#### Data entries:
-=-=-=-=-

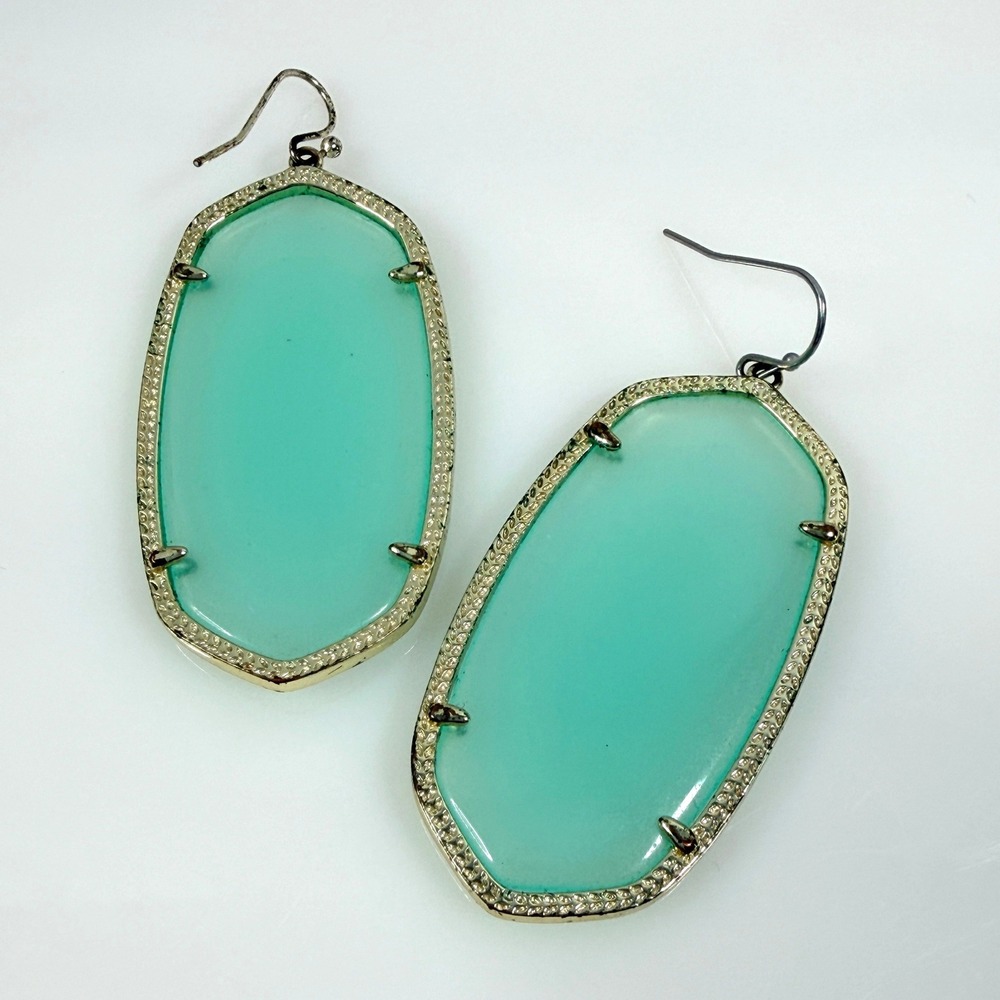 Kendra Scott Earrings Danielle Gold Tone Drop Green Chalcedony Statement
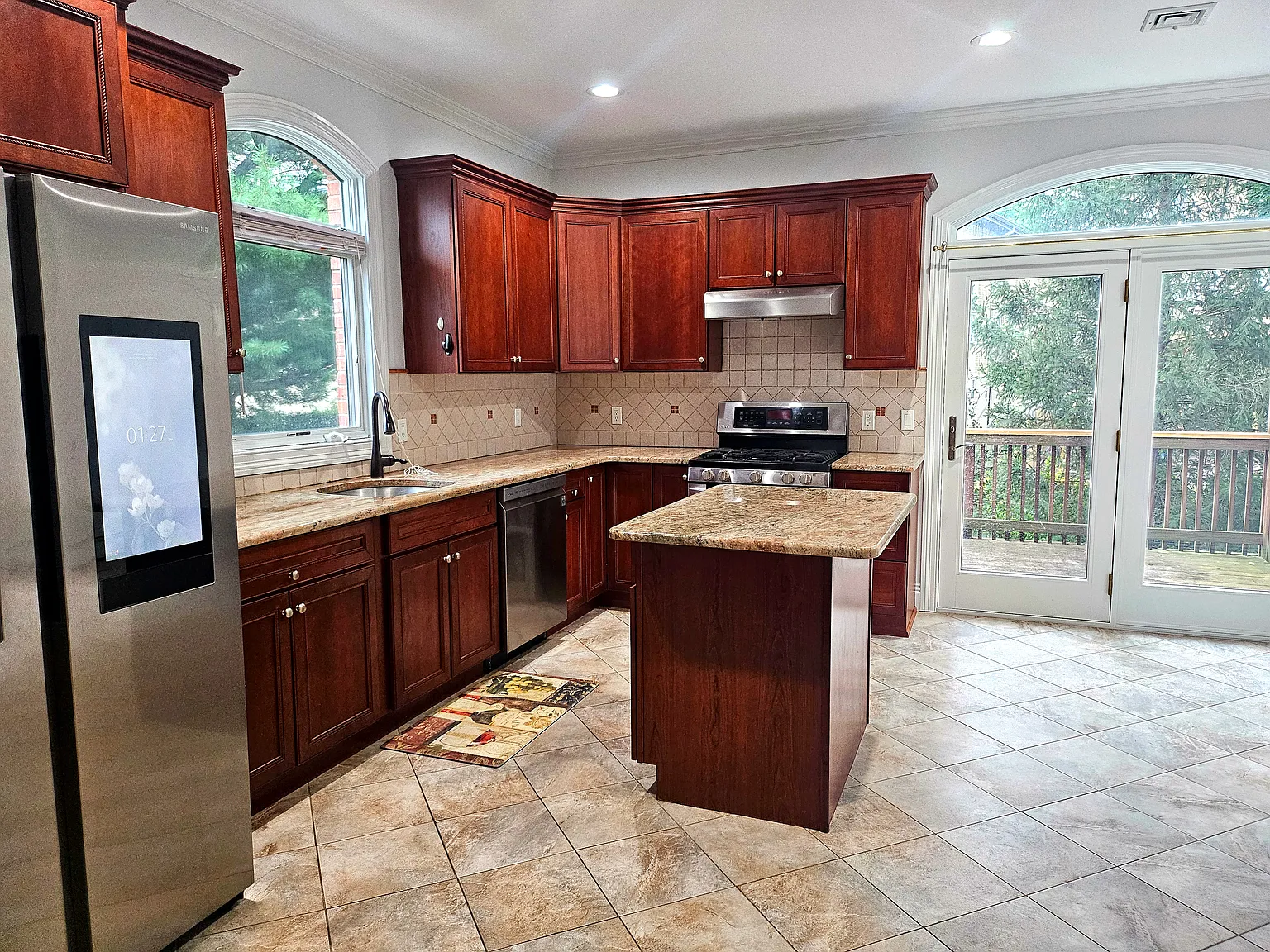 4 bed, 3.5 bath, 1828 sqft, $5,600 — Photo 3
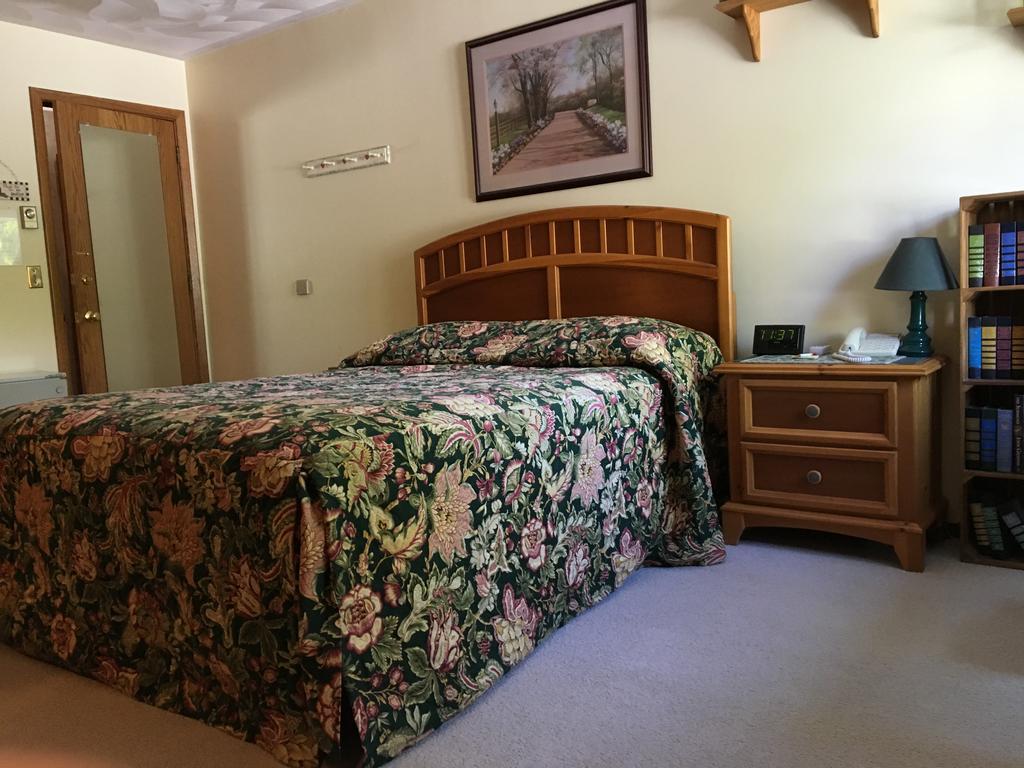 קלארקס סאמיט Red Barn Village Bed & Breakfast מראה חיצוני תמונה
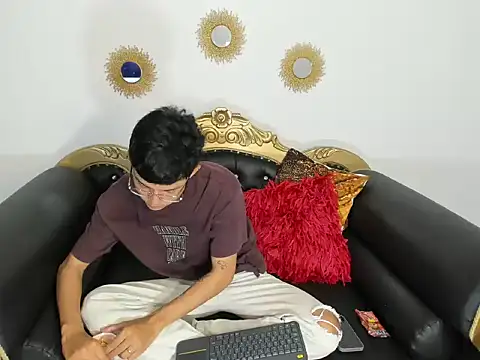 Snapshot of jisus_catt chatting on February 14, 11:49 pm jisus catt online show from February 14, 11:49 pm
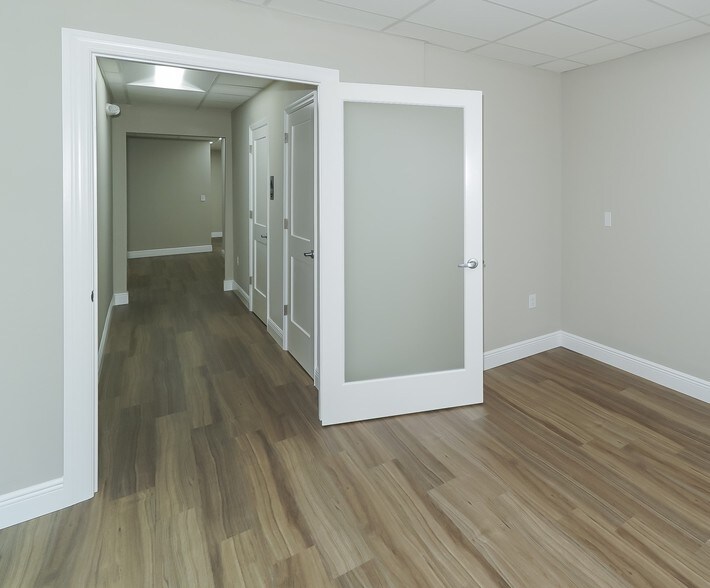 More Photos Of 6220 Manatee Ave W, Bradenton Medical For Sale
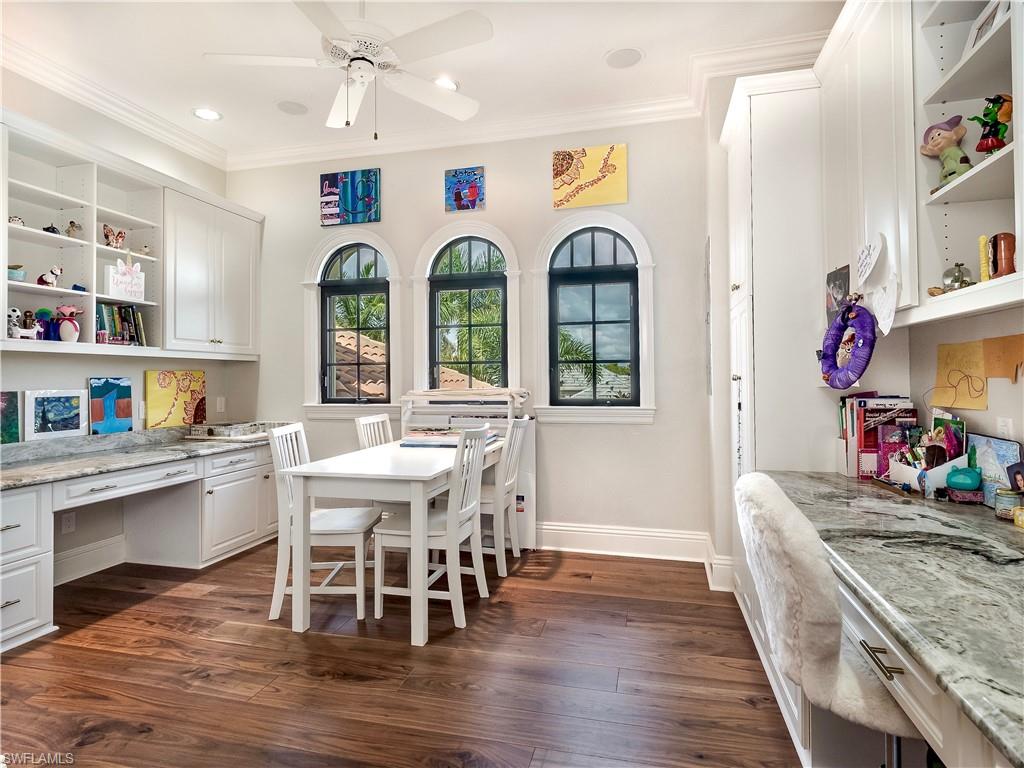 BELLE MEADE - Residential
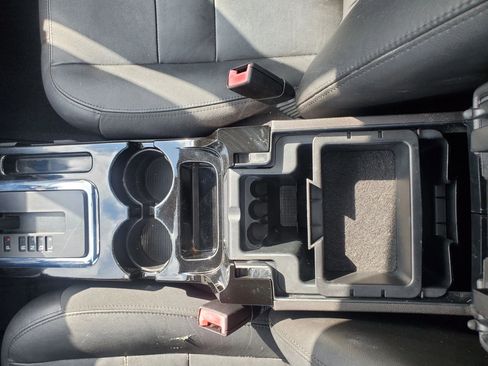 Used 2010 Ford Escape Limited image 37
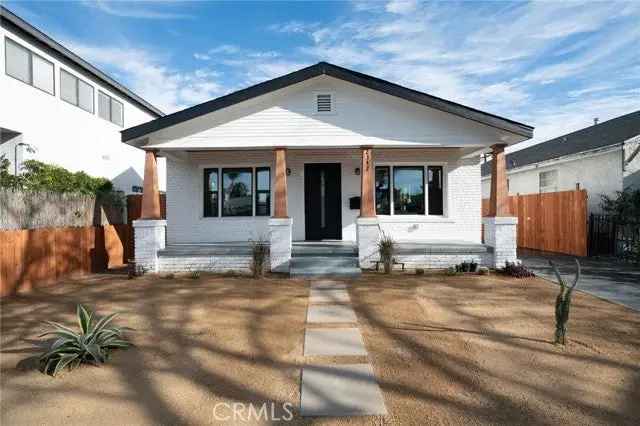 Single-family house For Sale in 2342, South Cochran Avenue, Los Angeles, California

-=-=-=-=-

#### Exercise objective:
Would you please copy, exactly and only, the lines from the one with "Used 2010 Ford Escape Limited image 37" through the end of the entries above, skipping every picture?

#### Task output:
 Used 2010 Ford Escape Limited image 37
 Single-family house For Sale in 2342, South Cochran Avenue, Los Angeles, California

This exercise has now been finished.